Looking into the past is easy for some, they tell about their earliest birthday or special family moments. The first thing I can recall is being under water. It’s a split second memory: I have my face in the ocean and there are white seashells trapped in the sand. That is all I can recall on my own, but family has filled in the blanks. This was a family getaway to California and we had stopped off at the beach for a day of sun and play. None of that means anything to me, like I said; family members have had to fill me in on the events.
The next thing locked away in the back of my mind comes nine years later. When I was about 12 my father announced that his eventual wife was moving in with us. That day is painted across my memory in such vivid colors that even time is unable to wash it away. This was the first time I had ever met, or heard, of this woman that was moving into my life. I would discover a decade later that my father had dated her while I spent weekends at my mother’s house. At once a party was put together in order for my father’s friends to meet my soon-to-be stepmother. The reactions were positive for the most part, except for mine. Suddenly I was being lumped into a category of spoiled children. This would later unfold as personal independence that would rub my father’s wife the wrong way.

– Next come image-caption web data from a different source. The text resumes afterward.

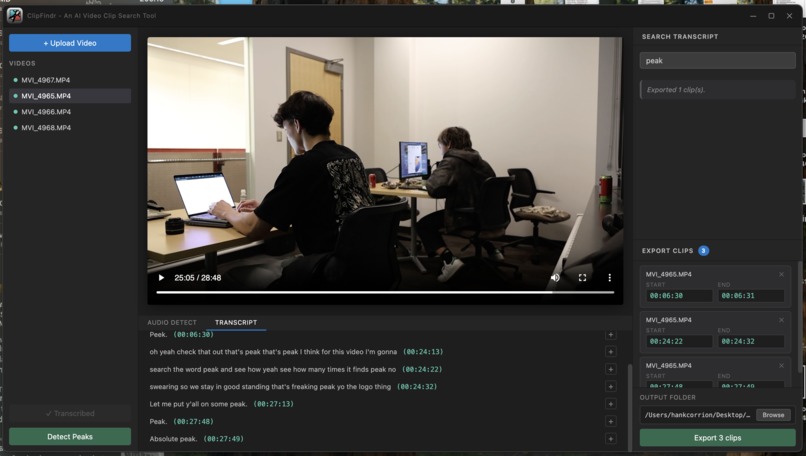 ClipFindr – screenshot 2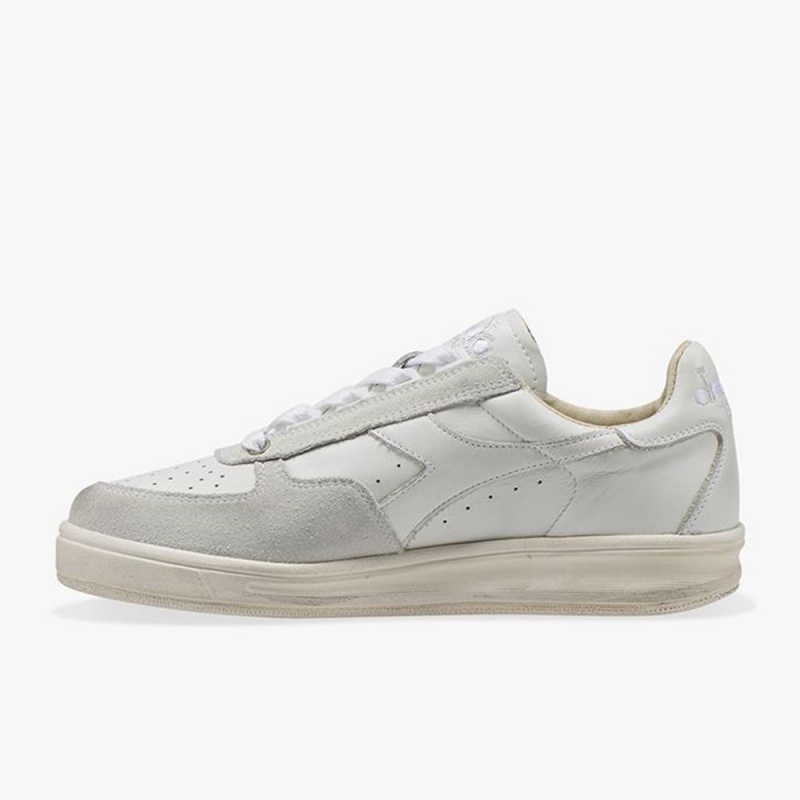 Zapatillas Bajas Diadora B. Elite Hombre Blancas | KRNXUWL-63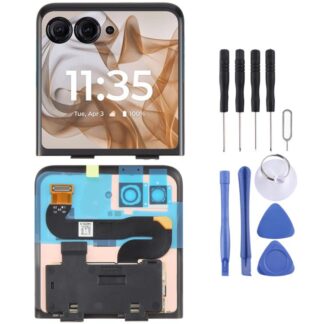 For Motorola Razr 50 Original Secondary LCD Screen with Digitizer Full Assembly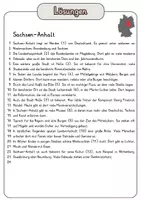 Vorschau - Arbeitsblätter - Lückentext Sachsen-Anhalt + Lösungen - Seite 1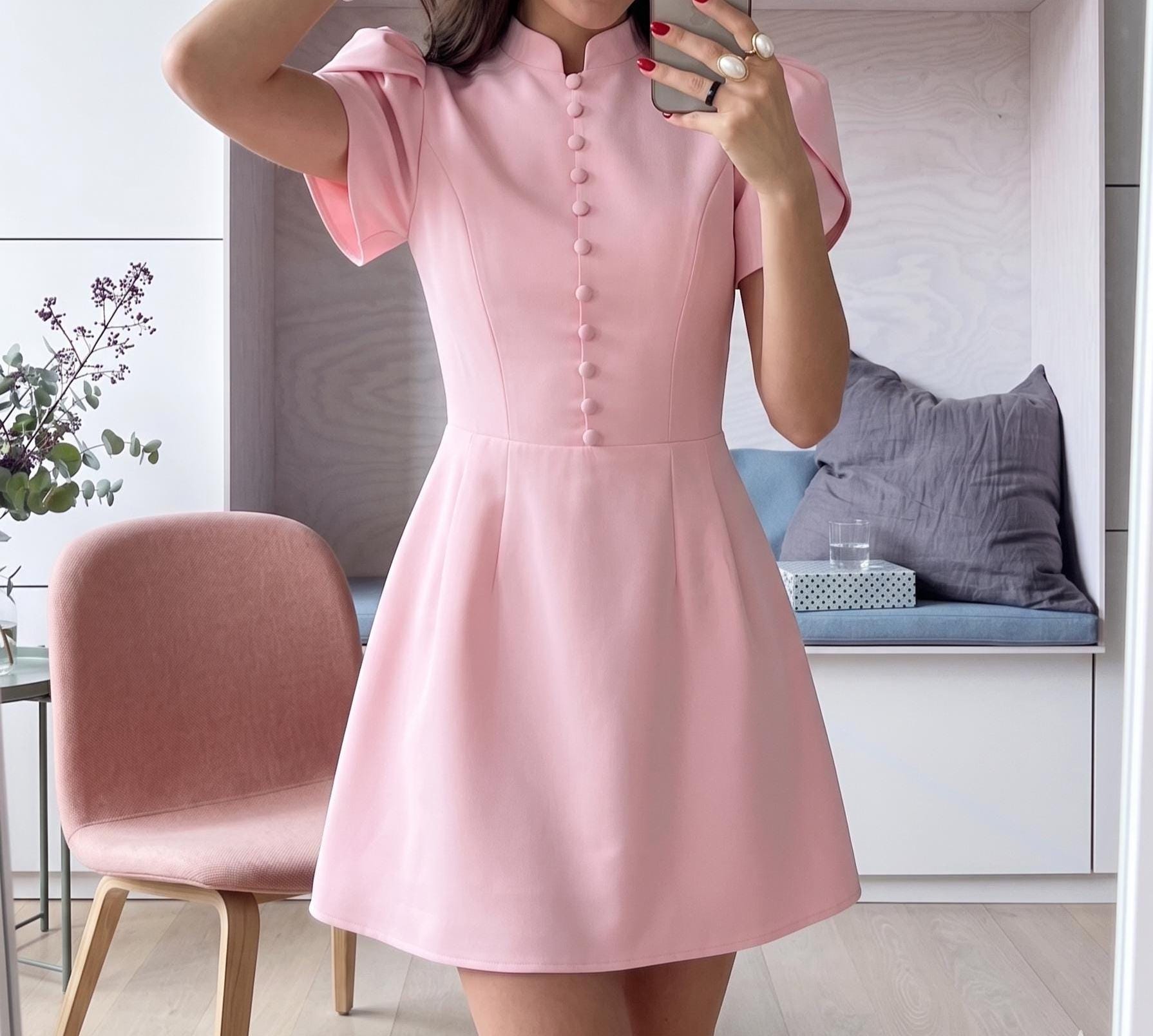 knee length dresses for ladies Pink Coquette Dress main image 0
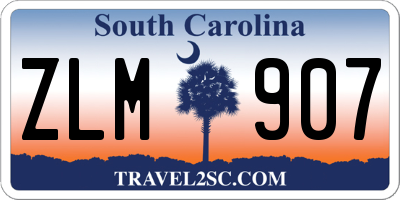 SC license plate ZLM907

The next seven years are scattered with memories that I have put a great deal of time and energy into repressing. Some people say that it is unhealthy to skip over things that have left a mark on you, I strongly disagree with them. Having already lived through certain experiences, it is obvious that I have made it to the other side of the tunnel. It seems self indulgent to turn back and trek through things again; doing so can only make a person more bitter and cynical than they already are. I should mention the seventh year is when my father and his second wife divorced.
Next comes graduation. I finished high school as a junior because I had a decent job and the prospect of being on my own was the only thing that interested me. Living with a parent, even one that was far from strict, didn’t appeal. There were plans in the back of my head and they weren’t being accomplished sitting in a small town where being anything other than status quo was acceptable. I moved out the day after graduation at the age of seventeen and didn’t look back. This is not to say that I’m not close with my parents. They have no choice but to accept that I am determined to do what I want at all costs.
After high school I continued to work and move up the management ladder in my job. I moved around, constantly feeling restless and out of sorts with myself. The memories here become so faded that I’m not sure which are real and which are after thoughts that my mind has crafted. There’s not much detail to be recalled but the facts are there. I finished my Associate’s degree in English and moved onto my Bachelor’s. I moved several more times, finally settling in Brooklyn and mentally calming down a bit. Out of all the things I’ve forgotten, a conversation with my mother is burned into my mind. She once mentioned understanding the feelings of restlessness that I’ve often talked about. She was plagued by the same problem, which explains many life lessons she had to learn the hard way. It made me feel better until I asked when she felt things had begun to calm down. She’s forty-eight and they haven’t.
The last two years of my life are what I can recount in the most intricate of details. I know where I’ve gone, who was around, and exactly what I was thinking. However, none of that is due to an improved performance in memory, but the assistance of a blog. Nothing of great interest or profound change has happened in the short time I’ve been using the online forget-me-not, but it has been helpful to have the ability to read things that have happened and know that’s actually what happened.